She smiled. “I met the most interesting people in the bar.”

“Magnus isn't angry. Well, at first he was, then he settled down.”

His story tumbled from his lips, disjointed, fragments of what he had said and what Magnus had said. While he spoke, Madeline stood and began to fuss with a coffeepot, filling it with water, unwrapping a pod of coffee, pushing a button that made a light glow red. Was she listening?

“This is decaffeinated. That's all that's left. I already used the other.”

“Forget the coffee!”

“You look awful.”

“I feel awful.”

“Take a shower. Shave.”

He looked at her. Her expression varied between hauteur and amusement. She was treating him like a child. Like a drunk. He got to his feet and nearly lost his balance, as if to underscore her judgment of his condition. He lifted his unshaven chin and headed for the bathroom.

Under pelting water in the shower, his mind was filled with the present, a world of steam, of hot water, that seemed to release an overwhelming tiredness. How much had he slept? How little? He decided to postpone shaving. He got into bed naked, pulling the covers to his chin, and immediately sleep came.

2

When the disheveled, babbling Quintin finally returned to their motel, Madeline had undergone a seismic change in her attitude toward him. Anger that he had not even bothered to telephone, let alone that he had come back at an indecent hour? Not at all. She listened almost clinically—better, artistically—to his explanation of where he had spent the night. It was incredible to her that she had ever regarded this pathetic person as her mentor, had ever encouraged him to think that if she were free of Magnus … She shuddered at the suggestion. Her entire world had turned over since her meeting with Rufus James the night before.

Magnus mocked her writing, of course, but then he was jealous, as she had not been loath to tell him.

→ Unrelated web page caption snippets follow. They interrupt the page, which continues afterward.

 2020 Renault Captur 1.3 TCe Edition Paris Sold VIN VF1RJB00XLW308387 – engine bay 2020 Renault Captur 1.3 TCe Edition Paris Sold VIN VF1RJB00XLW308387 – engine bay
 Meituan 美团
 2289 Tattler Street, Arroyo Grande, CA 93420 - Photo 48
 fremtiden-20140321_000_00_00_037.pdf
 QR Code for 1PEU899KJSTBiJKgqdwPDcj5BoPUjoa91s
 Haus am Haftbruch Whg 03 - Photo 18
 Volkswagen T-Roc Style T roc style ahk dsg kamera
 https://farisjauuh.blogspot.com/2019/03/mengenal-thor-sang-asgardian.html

“Jealous of that schlock!” He actually threw a copy of
Maid in Vicksburg
across the room. It bounced on a sofa cushion and fell to the floor, opening its pages as if to cushion the fall. “Oh, sure. I wish I could write immortal accounts of games no one will remember tomorrow.'

He had a point, of course, and one she was perfectly capable of making to herself. As a girl Madeline had written poetry; in college she had tried her hand at short stories, but she hadn't even made it into campus publications. Unfed, unencouraged, her ambition grew. She was an avid reader of book jackets; she collected literary gossip; she felt she was part of a sorority whose password had not been given to her. She joined a writers' club and was almost shocked at the commercial ambitions of the others. What they wanted was sales, money, big money. It occurred to Madeline that she had never looked on writing in that way. To write was to convey some sliver of her soul to a worthy reader she did not know. The vulgarity of the club had its attractions, though. She told herself that she could turn out the kind of thing the others longed to write. And she could. She sat down at her computer and accepted her own dare, and the odd thing was that all the solemn seriousness with which she had always written fled. This was a game. It was a game she learned to play to a fare-thee-well.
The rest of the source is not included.